Stand-up comedian Tumua is doing crowd work somewhere on the Mainland, and he calls on a white guy from the audience. The guy is from Kauaʻi, not born and raised, but “flown there, grown there.” He hasn’t lived there in nine years. While Tumua works the crowd, the guy shouts “chee hoo.” Tumua says, “That’s a solid chee hoo, man.” He does it again. Tumua has to shush him.
It’s a small moment, and Tumua plays it off with dry affection. The guy is playing out what he remembers of a place he left nine years ago. Much of the crowd never lived there at all.
Frank De Lima didn’t have that problem performing locally. Most of his audience hadn’t left. They were in the room — sharing the same plate lunch memories, cringing at the same accents, laughing because every joke was an inside joke. This wasn’t an introduction to local culture. It was a reminder, a celebration, even a reinforcement.
The plantation village was a truly different kind of place — shared land, shared labor, ethnic groups pressed close together with no way out. Filipinos, Japanese, Chinese, Portuguese, and Hawaiians were all crowded into the same neighborhoods and schools. What came out of it — the food, the humor, the pidgin — came from people who couldn’t opt out of each other.

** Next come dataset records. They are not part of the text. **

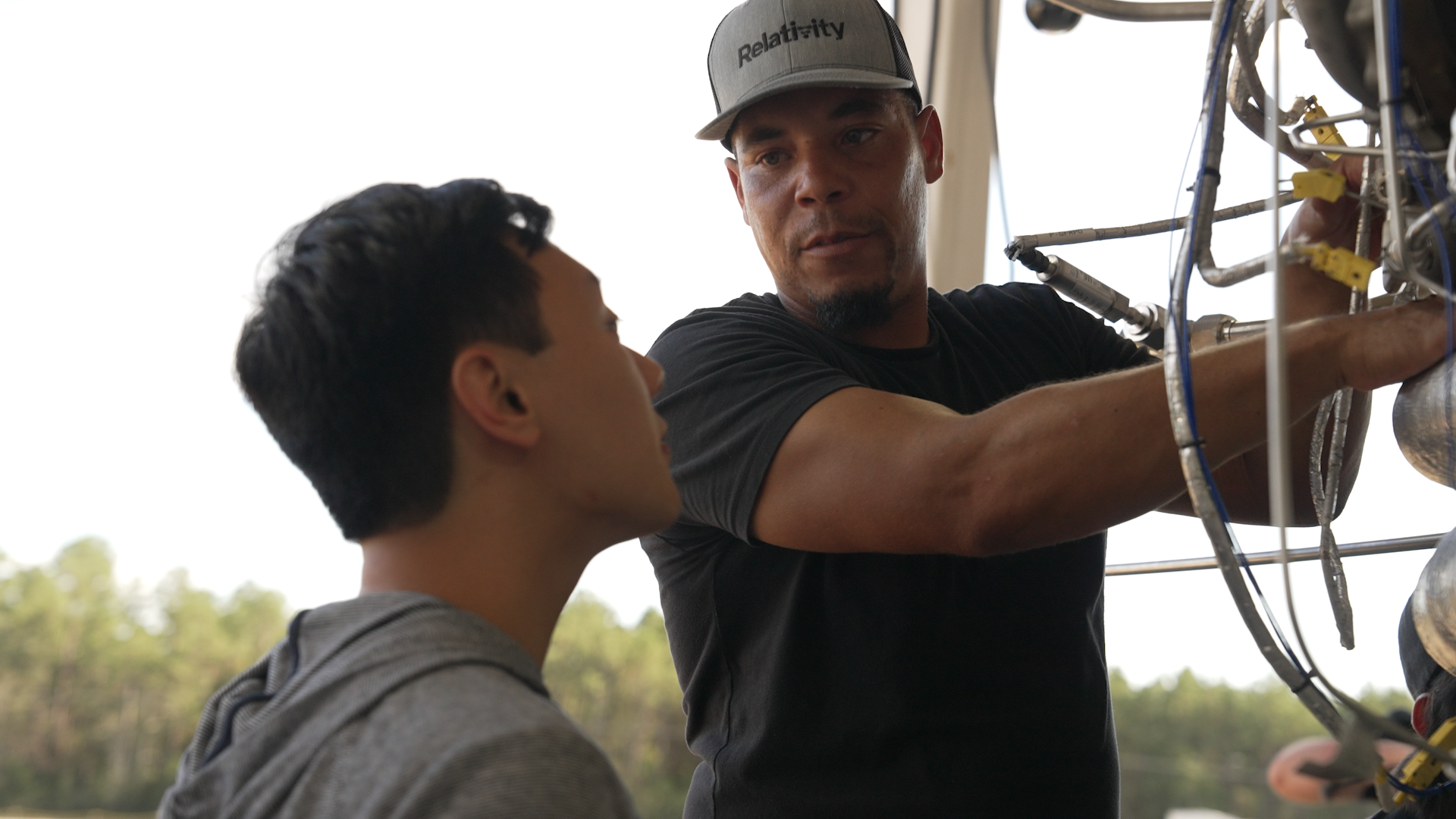 Senior technician Robert Caldwell shows engineer Kenrick Chan a new method for securing the gas generator to the engine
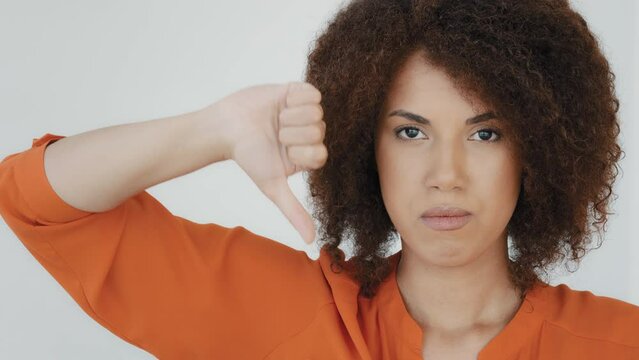 Headshot portrait indoor displeased millennial woman with curly hair looking at camera showing thumbs down rejection finger dislike. Dissatisfied girl disapproval disappointment face reaction bad idea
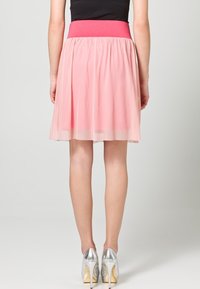 Gonna in tulle rosa con una ampia vita rosa, design a lunghezza ginocchio e texture stratificata, abbinata a scarpe col tacco alto argentate e lucide.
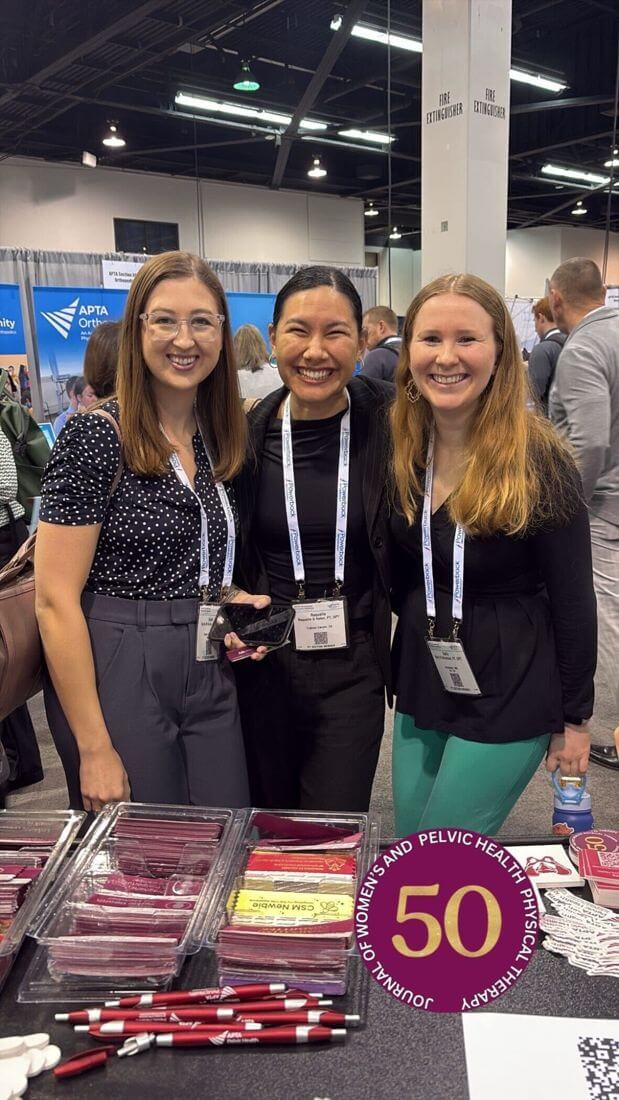 Three people connecting at the Academy booth beside Academy resources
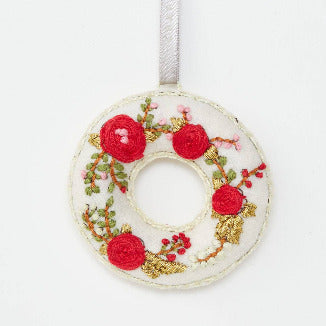 felt wreath with a rose Damascus embroidery on a white background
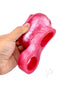 Monstar Beast Silicone Penis Sleeve Pink held in hand showcasing its vibrant design and unique features.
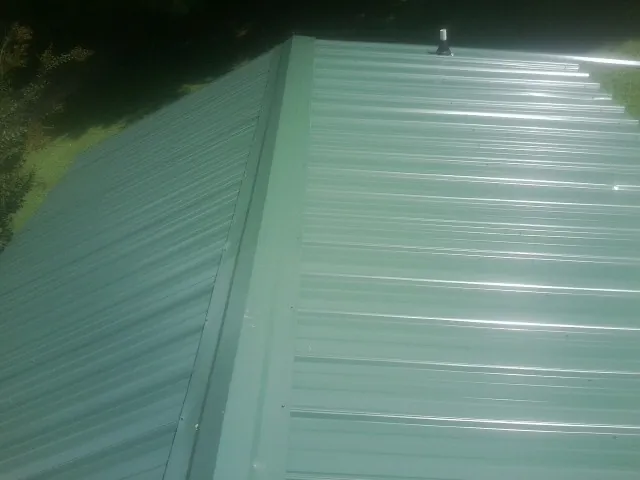 New green metal panels meeting at the ridge of a roof — Flat Roof Repair work by our crew in Gibsonburg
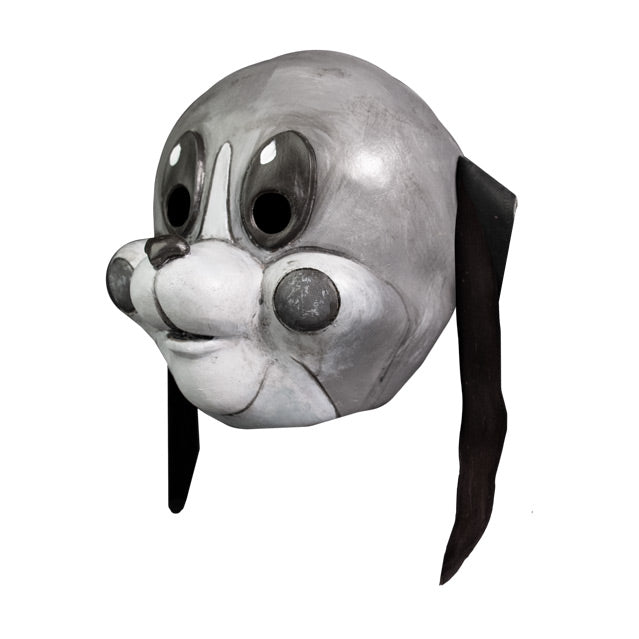 Mask, left view. Grayscale, cartoonish dog face, long thin black ears hanging down, large tall oval eyes, small dark nose, white muzzle, gray circles on cheeks.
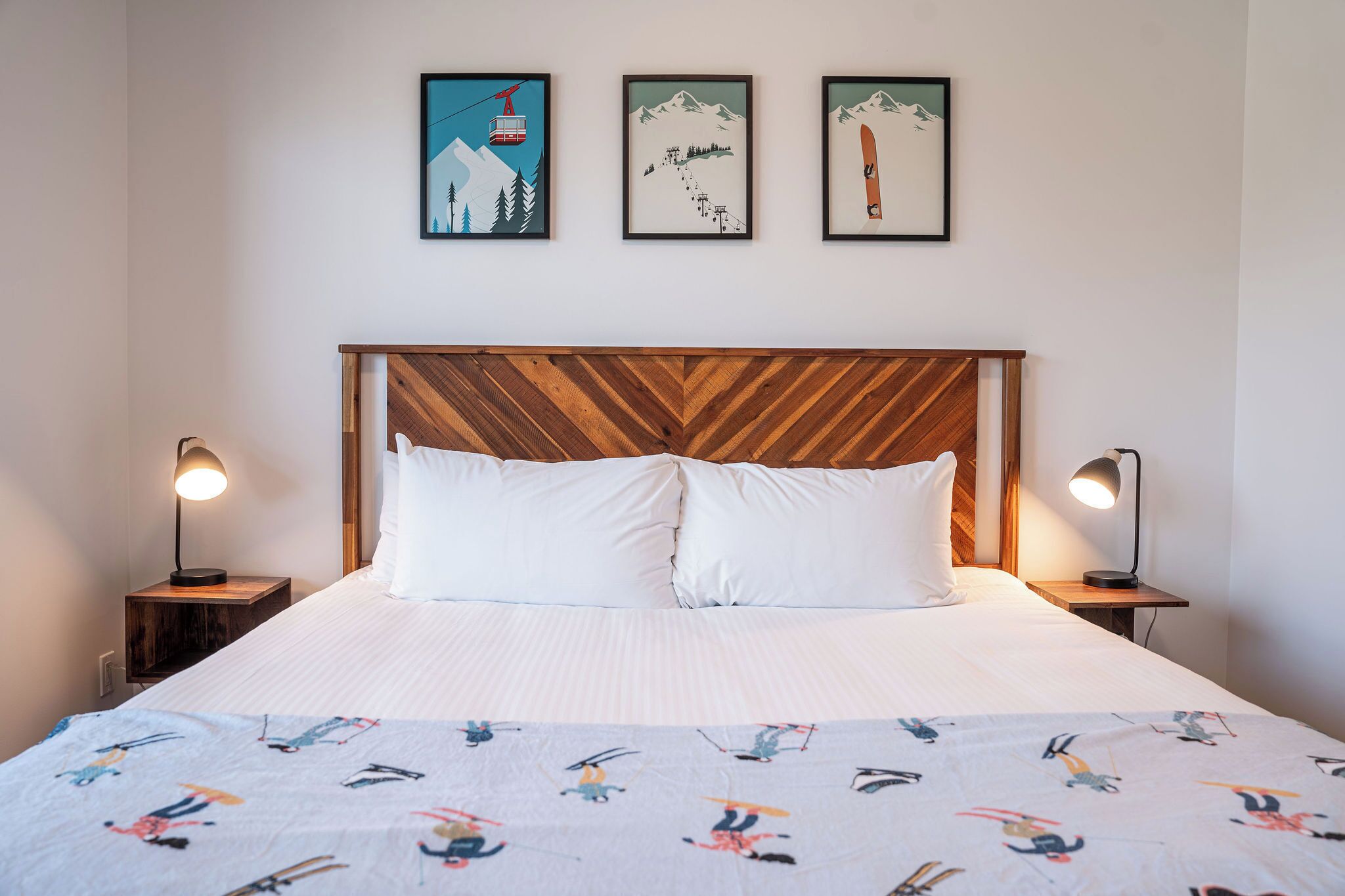 A bed with a wooden headboard, white bedding, and a colorful quilt. There are three framed pictures on the wall above the bed.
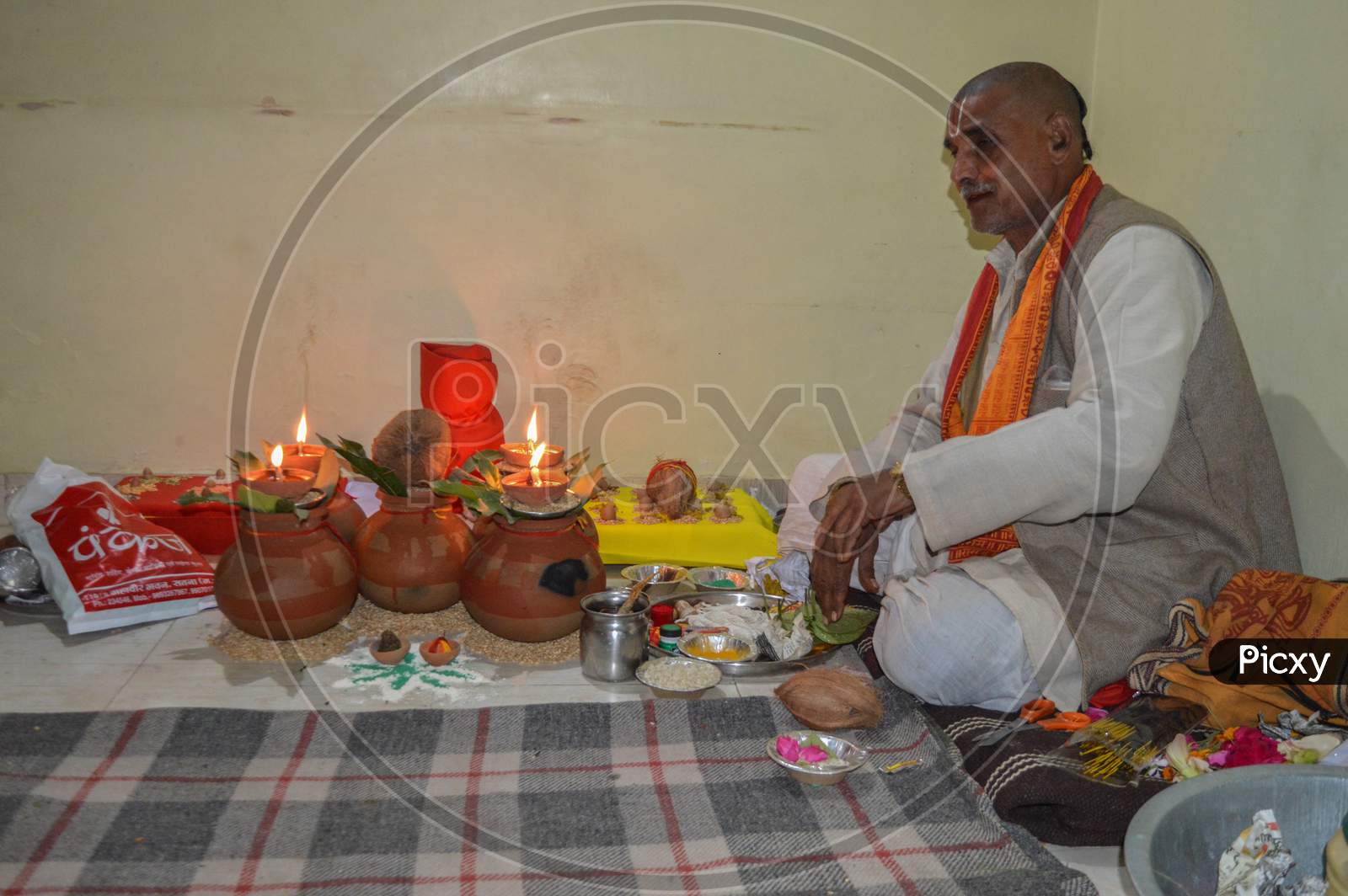 A Man Pujari Arranging Things Before Worship Of God.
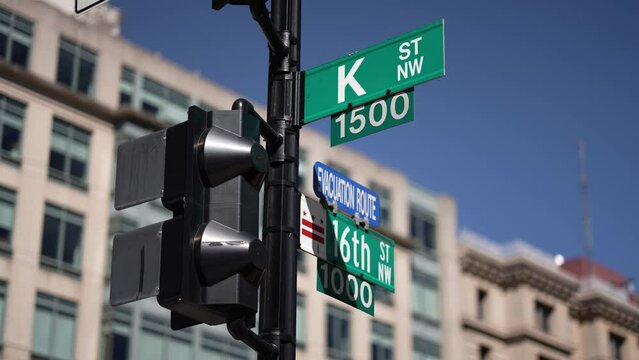 K street nw and 16th street nw street signs in downtown Washington DC symbolizing lobbying and corruption in nations capital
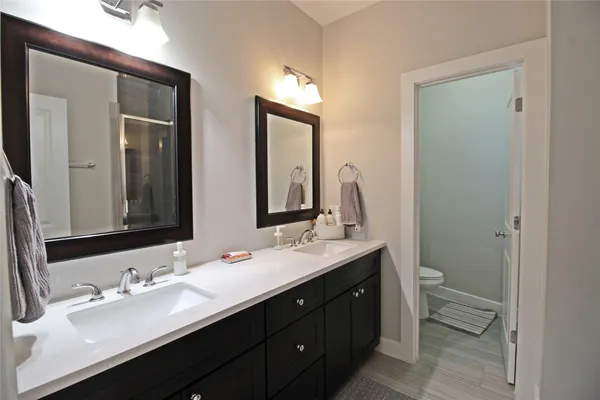 a bathroom with double vanity sinks and a mirror
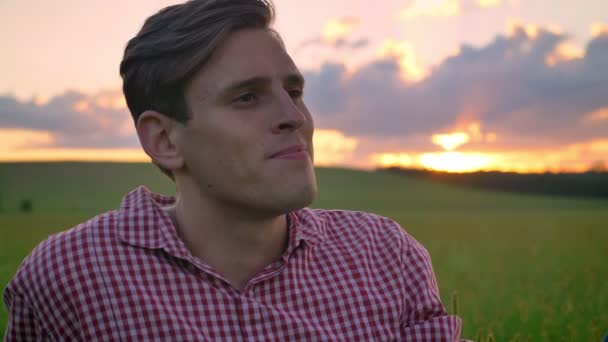 Retrato de joven hombre guapo mirando hacia adelante y sonriente, hermoso paisaje con puesta de sol en el fondo — Vídeos de Stock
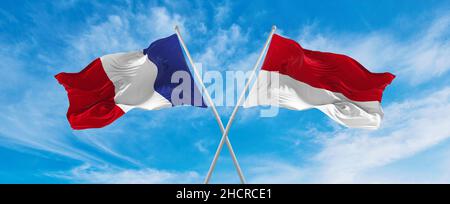 Gekreuzte Nationalflaggen von Frankreich und Monaco, die im Wind bei bewölktem Himmel winken. Symbolisiert Beziehung, Dialog, Reisen zwischen zwei Ländern. Stockfoto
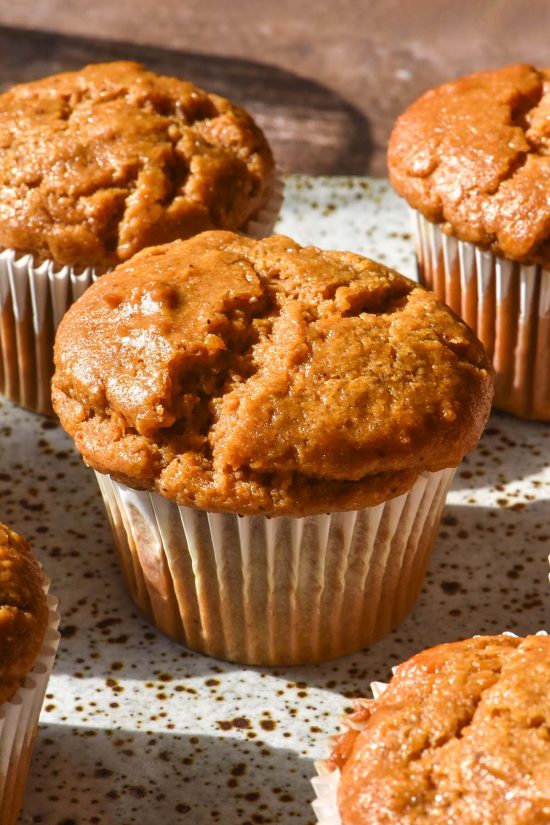 A brightly lit side on image of gluten free vegan pumpkin muffins in white patty pan liners on a white speckled ceramic plate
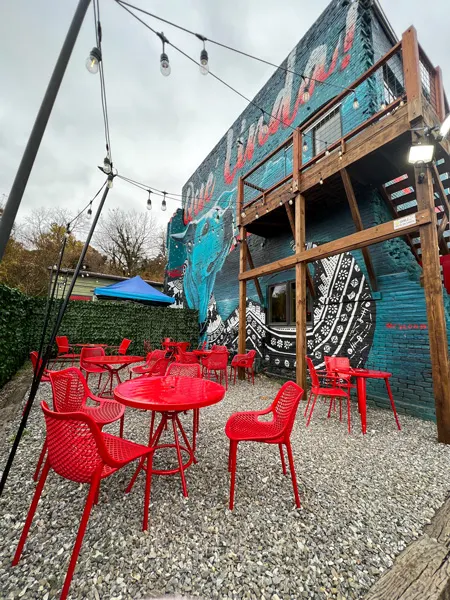 Guajiro Restaurant in the River Arts District in Asheville, NC with bright red tables and chairs and mural on side of Asheville Cotton Mill Studios that has an image of a dog and the words "que Linda"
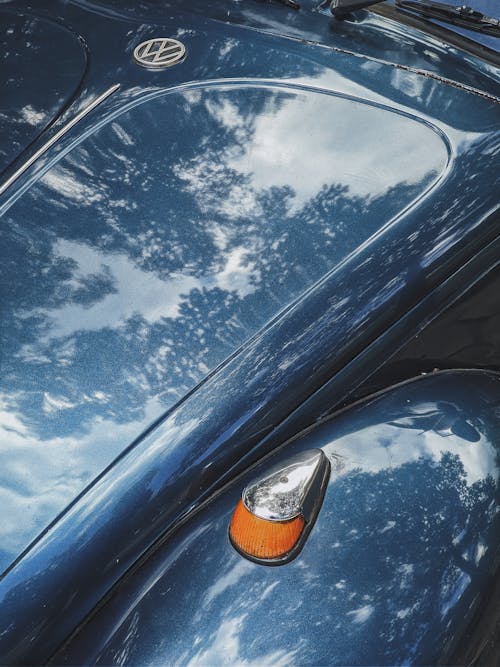 Free Blue Car With A Shiny Hood Stock Photo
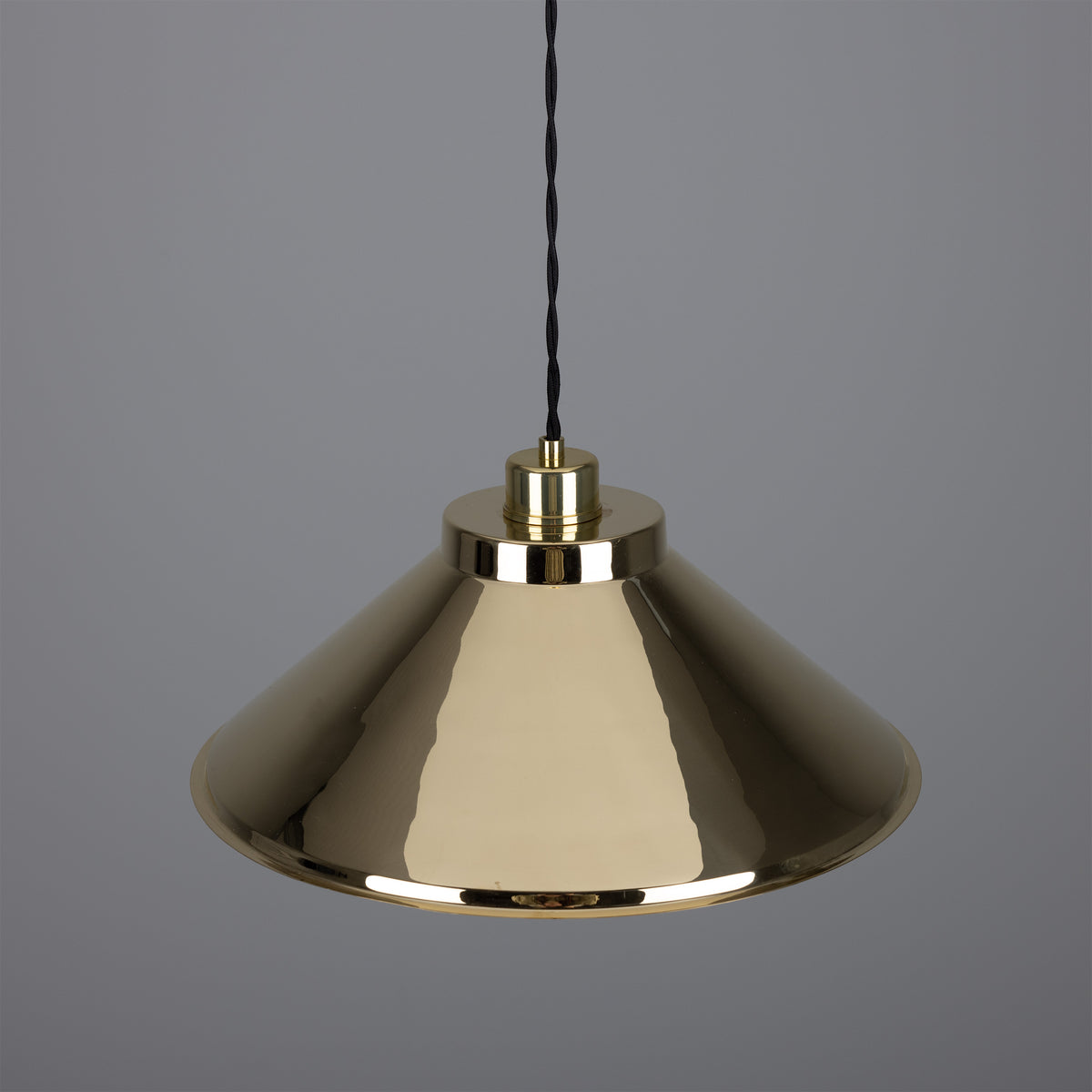 Polished brass conical pendant light with black fabric cord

Even as that world was dissolving, people reached back for its symbols. By 1978, a political movement called Palaka Power had taken the plantation worker’s cloth as its name — a clear link to the past. The Palaka Power manifesto said so plainly. The writers also noted, in the same breath: the ILWU was declining, sugar and pine would soon be gone, the Democrats of the ‘54 Revolution had mostly left the arena. They chose the symbol precisely because the reality was already receding. The myth was always partly constructed. But it was backed, then, by people who had actually worn the cloth.
The built world that replaced the plantation village included public housing, suburbs, and apartments. The Mainland has all of those. And then came radio, television, the internet, smartphones, and eventually TikTok.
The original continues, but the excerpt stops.